And if your budget is the constraint, EasyOptOuts runs 200+ broker opt-outs three times a year for $19.99/yr — no privacy expert, no custom requests, but the essential automated work at one-sixth the price.
Who is DeleteMe actually for?
The clearest fit is anyone whose situation does not reduce to a standard broker list. People who have changed names, hold professional licenses under prior names, or maintain multiple residences benefit directly from the unlimited aliases and address handling. People facing harassment or with public-facing roles benefit from having a named expert who can chase down the odd site automation misses.

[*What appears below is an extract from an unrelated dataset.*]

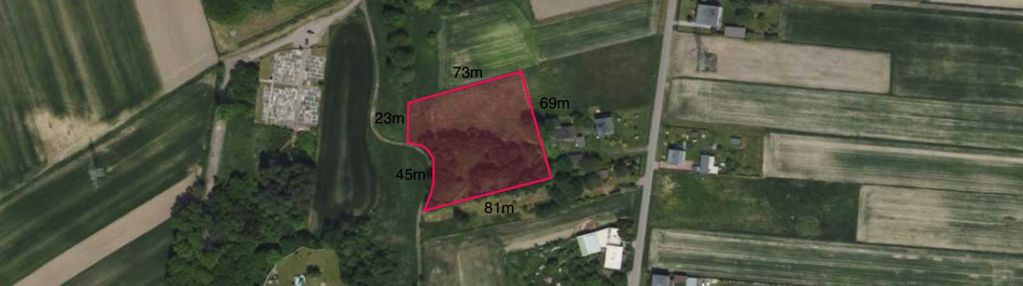 Działka budowlana 0,51 ha pod zabudowę – orzesze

The free exposure scan makes the decision process cheap. Run it, look at what surfaces, and judge whether your footprint looks like a routine cleanup — in which case an automated service at half the price will do — or like a case that needs hands. That scan-first approach costs nothing and replaces guesswork with your own data.
Bottom line
DeleteMe earns its premium when the human layer matters: custom removals, a named privacy expert, unlimited name variants, and the deepest total broker reach in the business. For people with complicated profiles — name changes, public-facing jobs, persistent stalking or harassment concerns — that service model is worth real money, and DeleteMe delivers it with a 7-day first report and quarterly accountability.

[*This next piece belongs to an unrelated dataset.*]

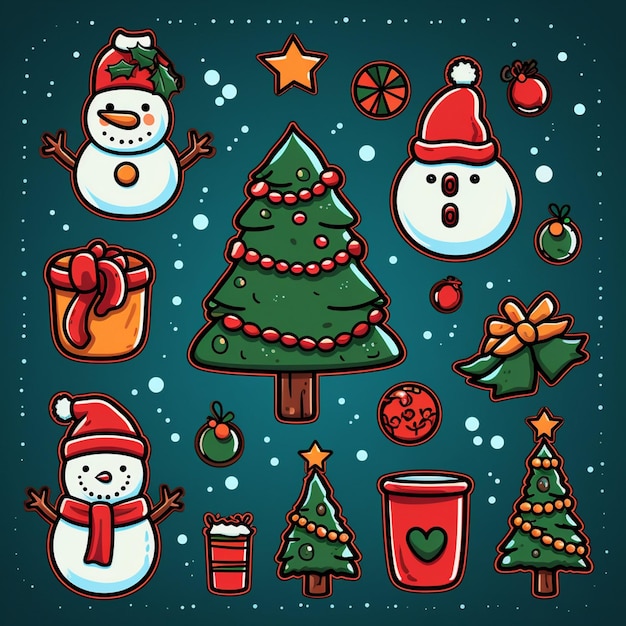 decoration background christmas merry holiday winter vector happy design illustration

For everyone else, the calculus is simpler than the marketing. The automated core of what DeleteMe does is available elsewhere for $39 to $96 a year, and DeleteMe’s pricing opacity beyond the Solo plan does not help its case. Decide whether you are buying the humans or just the opt-outs — our best data removal services ranking can help you place it — and if it is the humans, DeleteMe is the standard to beat.